The Irish Data Protection Commission has announced its Strategy for 2022-2027, highlighting 5 strategic goals:
- (1) “consistent and effective” regulation;
- (2) promoting data protection awareness;
- (3) protecting children;
- (4) providing clarity for stakeholders; and
- (5) supporting organisational compliance.
The strategy is based on a risk based approach to regulation which, according to the DPC, “resonated with the majority of commentators” to the public consultation the Commission conducted as it developed its new 5 year strategy.
It can’t do it alone
The DPC’s overarching objective is to do more for stakeholders, but it admits that it can’t meet its ambitions on its own. Some of its recently-announced objectives simply reframe what the DPC is already doing, or is obliged to do, e.g. “[r]egulating in a fair, impartial and transparent manner . . .[a]pplying corrective powers proportionately. . . [w]orking with the EDPB to develop consistent procedures,. . . [w]orking with peer DPAs to introduce consolidated and consistent enforcement across Europe.”
However, the need for increased and more nuanced guidance was an “almost universal” ask from those responding to the public consultation. The new strategy heeds that ask by promising to build expert-level partnerships with stakeholders to assist in the development of that guidance, in an overall effort to encourage meaningful and improved compliance outcomes.
Some change in direction
However, the strategy also contains some change in direction. The DPC intends to steer away from a complaint-heavy emphasis to one which prioritises cases likely to have the greatest systemic impact over the longer term. To do this, the regulator aims to raise public awareness of data protection rights, publish more guidance on its complaints handling processes, and promote “a cultural shift towards compliance.” While all that seems sensible, what it means in practice for the resolution any individual non-prioritised complaint deemed less important remains to be seen.
Responses to the public consultation showed differing appetites in the area of fining. Individuals tended to favour large fines for breaches whereas industry, unsurprisingly, sought a more risk based approach. The DPC notes that “there is sometimes a tendency to conflate fining with regulatory success and to use the imposition of fines as a means to measure effectiveness.”
Using softer enforcement tools
While hard enforcement tools are always available to it, the DPC emphasises the important role of guidance and engagement to drive accountability. The regulator regards both as valuable tools which should not be undervalued. “Driving compliance – rather than retrospectively and unilaterally penalising non-compliance – can ultimately produce better results for all stakeholders”.
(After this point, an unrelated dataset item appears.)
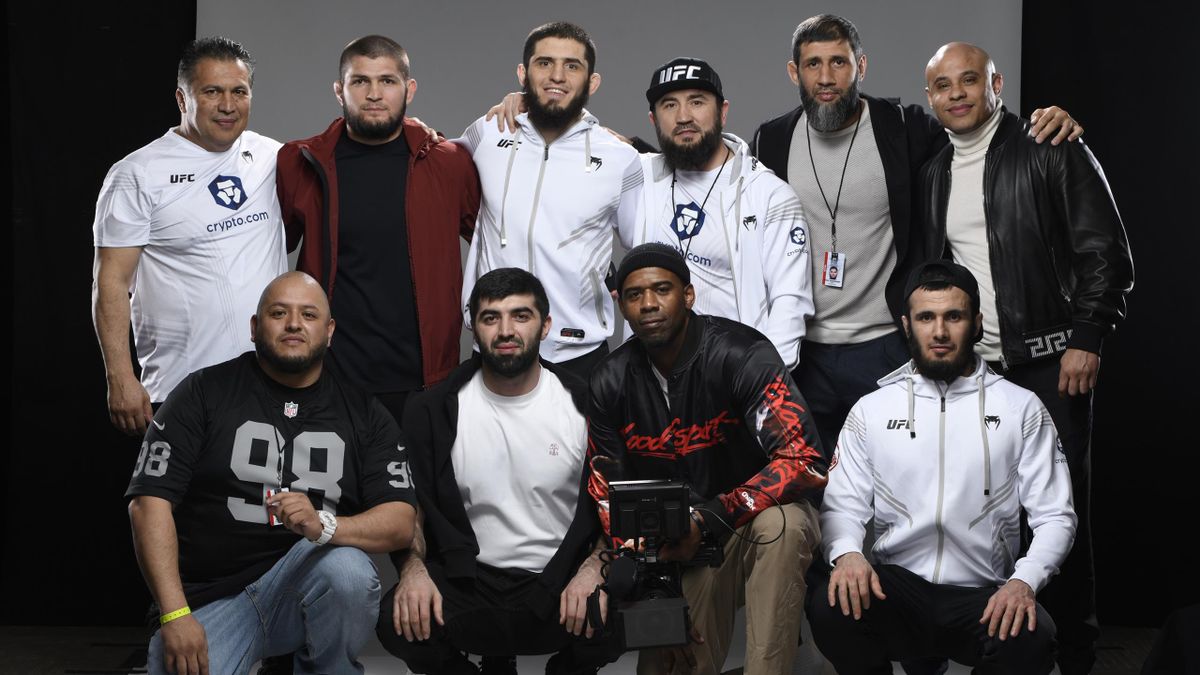 Islam Makhachev (3e van rechtsboven) met zijn team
With that said, however, the strategy is now set to “prioritise prosecution, sanction and/or fining those infractions that result from willful, negligent or criminal intent.” It also makes increasing the turn-around times for inquiries a strategic priority, including by working with its EDPB peers to improve communication and clarity in the Article 60 co-operation mechanisms.
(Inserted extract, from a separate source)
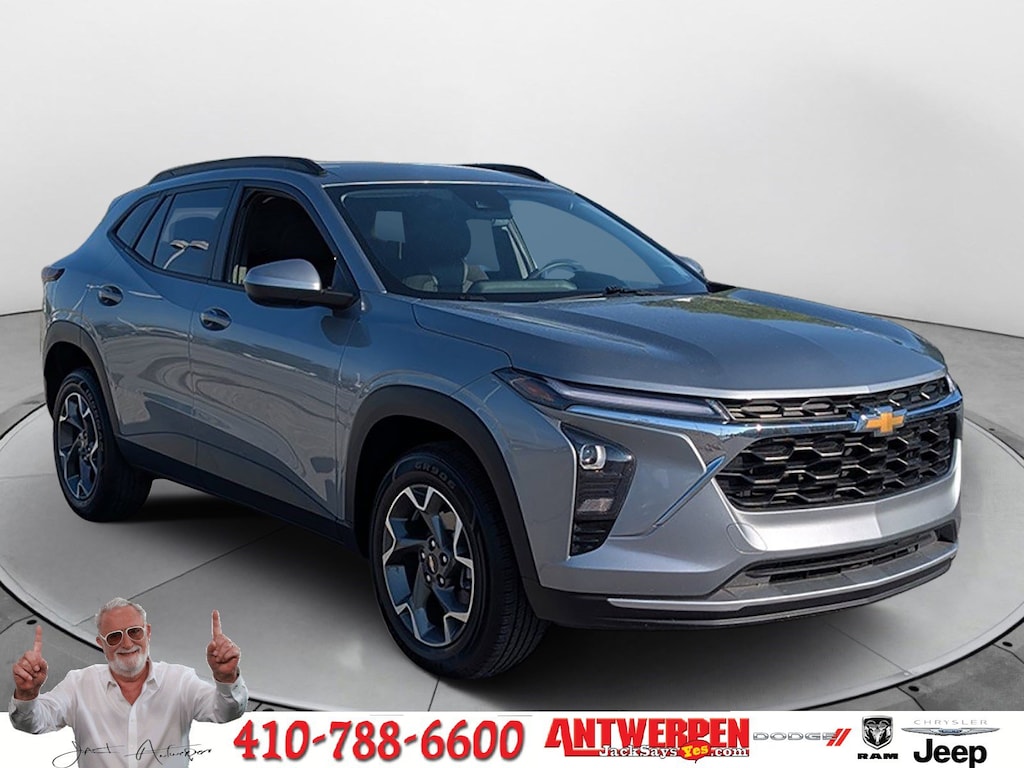 Used 2024 Chevrolet Trax LT FWD LT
More specifically, in the 5 year strategy the DPC promises to:
- Standardise public complaint handling and inquiry procedures;
- Clarify the limits of legislation and how/when corrective measures are imposed;
- Publish quarterly, rather than annual, case studies;
- Identify trends and themes in complaints in order to achieve strong collective outcomes
- Engage extensively with stakeholders “so that data protection rights are upheld as a behavioral default by society”;
- Prioritise the protection of the rights of children and vulnerable adults, including clarifying the bases for data sharing so that individuals are not disadvantaged by over cautious data controllers; and
- Enhance the technological foresight of the DPC to respond to evolving technologies.